- **Exercise details**
Please retype the records below exactly as they appear, but leave out the pictures.

(Records shown)

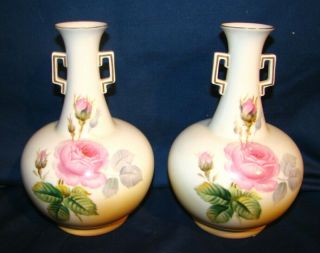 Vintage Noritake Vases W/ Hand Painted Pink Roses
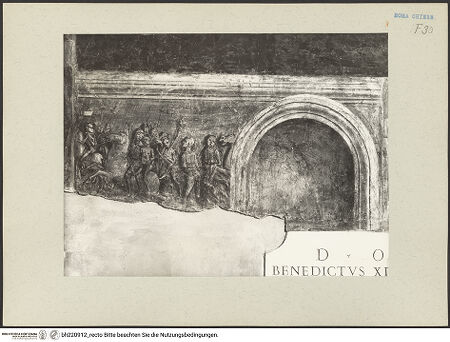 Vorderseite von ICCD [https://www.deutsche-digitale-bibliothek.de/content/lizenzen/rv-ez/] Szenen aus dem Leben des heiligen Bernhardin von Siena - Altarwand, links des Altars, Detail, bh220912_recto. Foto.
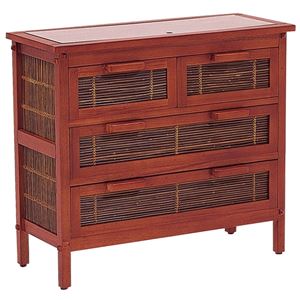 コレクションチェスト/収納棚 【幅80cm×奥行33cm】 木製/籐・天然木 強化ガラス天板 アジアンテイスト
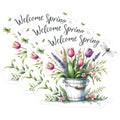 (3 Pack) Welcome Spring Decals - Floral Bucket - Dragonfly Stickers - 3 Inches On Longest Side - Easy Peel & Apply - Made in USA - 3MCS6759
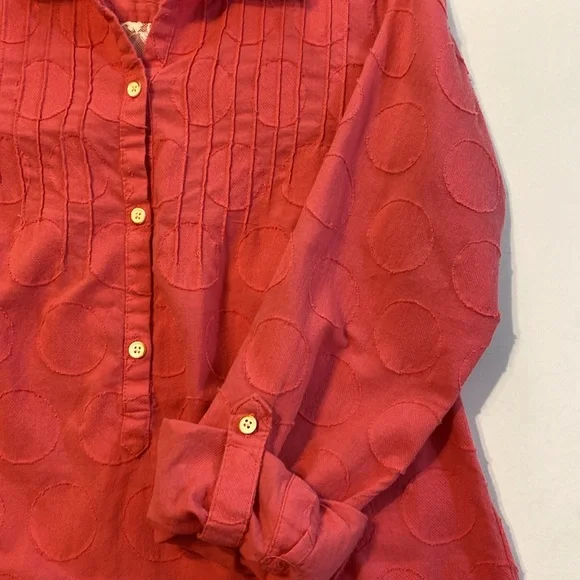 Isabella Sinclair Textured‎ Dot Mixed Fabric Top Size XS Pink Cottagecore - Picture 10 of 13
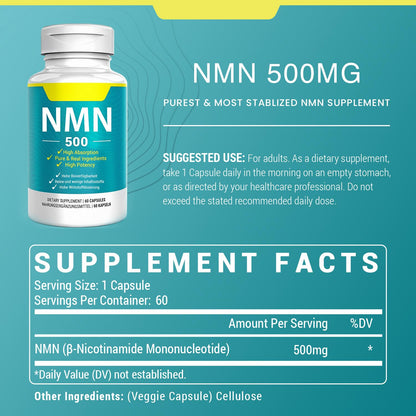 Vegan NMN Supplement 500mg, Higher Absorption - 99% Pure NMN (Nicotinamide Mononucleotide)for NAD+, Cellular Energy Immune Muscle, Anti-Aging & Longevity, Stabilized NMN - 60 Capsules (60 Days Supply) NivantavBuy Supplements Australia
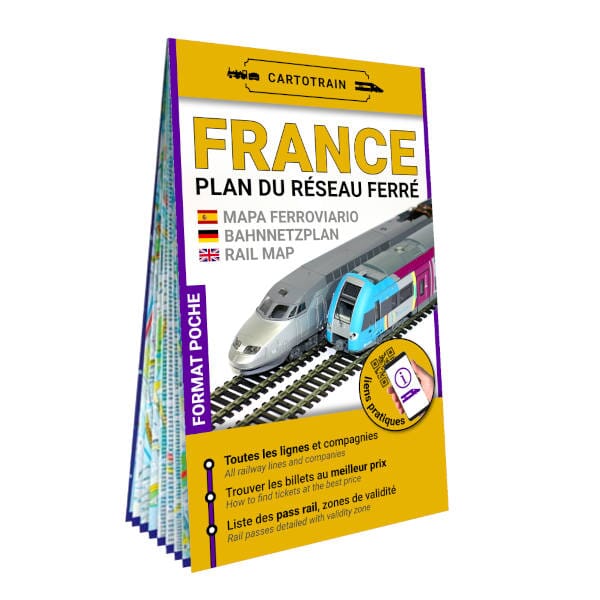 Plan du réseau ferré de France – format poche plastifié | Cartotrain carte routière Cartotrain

(End Records shown)

- **Response area**
 Vintage Noritake Vases W/ Hand Painted Pink Roses
 Vorderseite von ICCD [https://www.deutsche-digitale-bibliothek.de/content/lizenzen/rv-ez/] Szenen aus dem Leben des heiligen Bernhardin von Siena - Altarwand, links des Altars, Detail, bh220912_recto. Foto.
 コレクションチェスト/収納棚 【幅80cm×奥行33cm】 木製/籐・天然木 強化ガラス天板 アジアンテイスト
 (3 Pack) Welcome Spring Decals - Floral Bucket - Dragonfly Stickers - 3 Inches On Longest Side - Easy Peel & Apply - Made in USA - 3MCS6759
 Isabella Sinclair Textured‎ Dot Mixed Fabric Top Size XS Pink Cottagecore - Picture 10 of 13
 Vegan NMN Supplement 500mg, Higher Absorption - 99% Pure NMN (Nicotinamide Mononucleotide)for NAD+, Cellular Energy Immune Muscle, Anti-Aging & Longevity, Stabilized NMN - 60 Capsules (60 Days Supply) NivantavBuy Supplements Australia
 Plan du réseau ferré de France – format poche plastifié | Cartotrain carte routière Cartotrain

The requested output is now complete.